After data standardization , We are DSTG Established a system that contains pseudo-ST and real-ST Link graph of data . The drawing is G = (V, E), among N =|V| Nodes represent spatial spots ,E Represents the edge , $A$ Is the adjacent matrix. Here it is , We use canonical correlation analysis [30-33] Yes pseudo-ST Data and real-ST Dimensionality reduction of data , Then determine the nearest neighbors in the reduced dimension space [23].
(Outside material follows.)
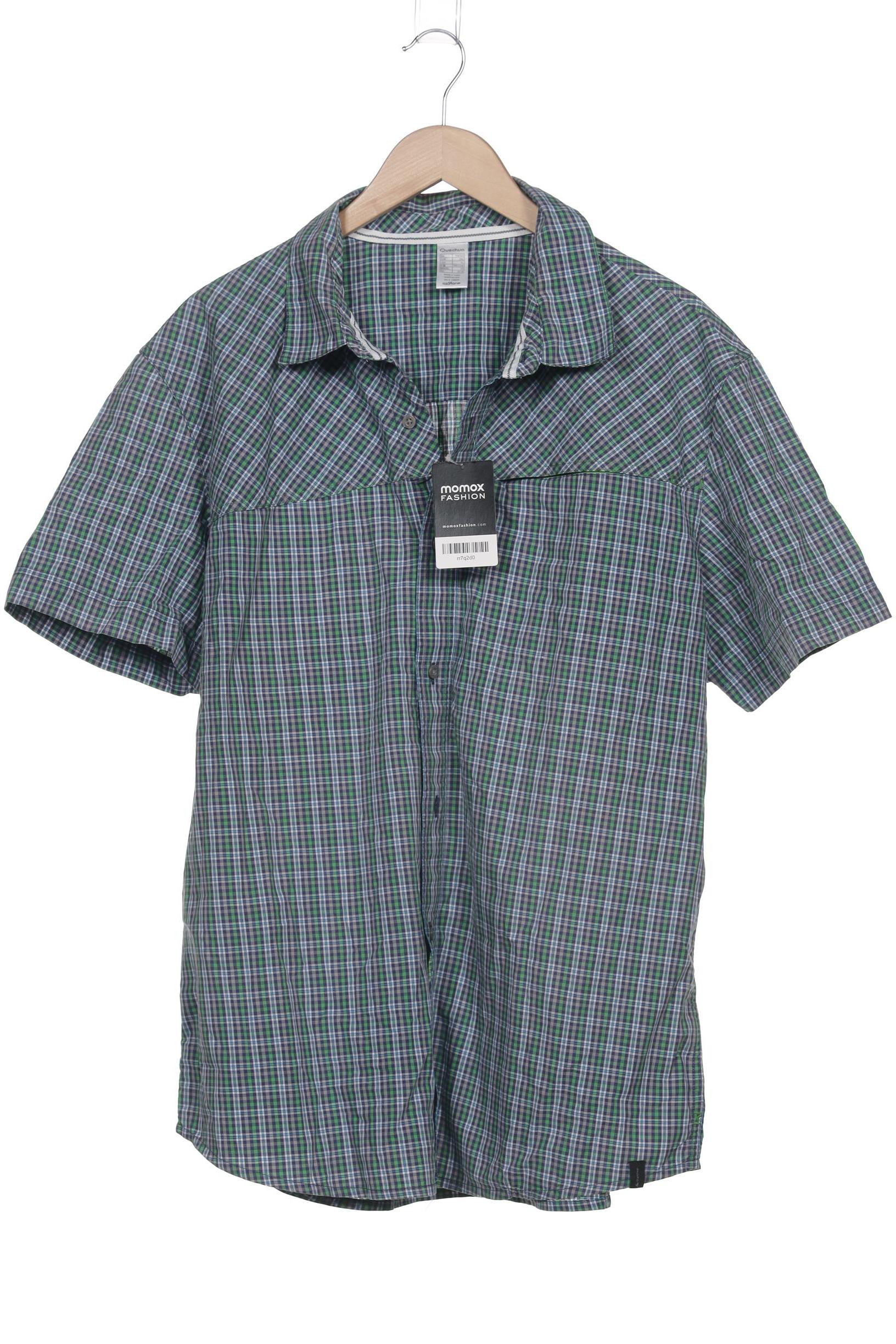 

quechua Herren Hemd, mehrfarbig, Gr. 56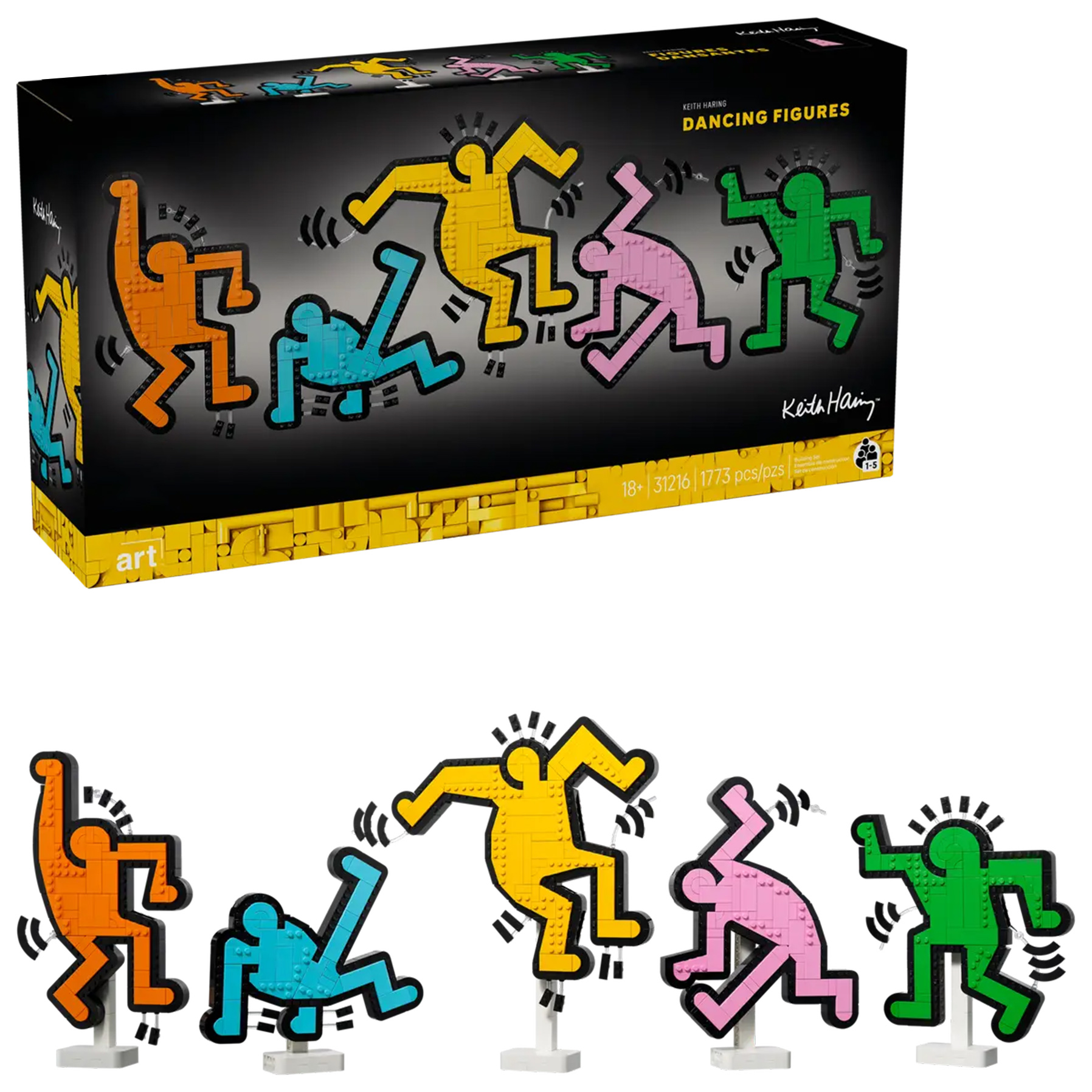 Keith Haring – Dancing Figures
First ,pseudo-ST Data and real-ST The data are represented as $X_{pseudo}^{m \times n_p}$ and $X_{real}^{m \times n_r}$ . among , $m$ yes the number of variable genes, $n_p$ and $n_r$ It's their own spot Number , We go through $n_p$ The canonical correlation vector of dimension $\mu_s$ and $n_r$ Dimensional $v_S$ Project these two data onto a lower $S$ Dimensional space , among $\cdots ,S$ . Maximize the following mathematical expression
$\mu_s^T \left ( X_{pseudo}^{m \times n_p} \right )^T X_{real}^{m \times n_r} v_s,$
Subject to constraints $\lVert \mu_s \rVert_2^2 \le 1$ and $\lVert v_s \rVert_2^2 \le 1$ . To determine the typical correlation vector pairs , We used singular value decomposition, We get the result with $S$ Of the maximum eigenvalues S A pair of canonical correlation vectors . Each pair $\mu_s$ and $v_S$ Put the raw data $X_{pseudo}^{m \times n_p}$ and $X_{real}^{m \times n_r}$ Project to sth dimension of the low-dimension space. For DSTG, we took $S$ as 20 for the reduced dimension space.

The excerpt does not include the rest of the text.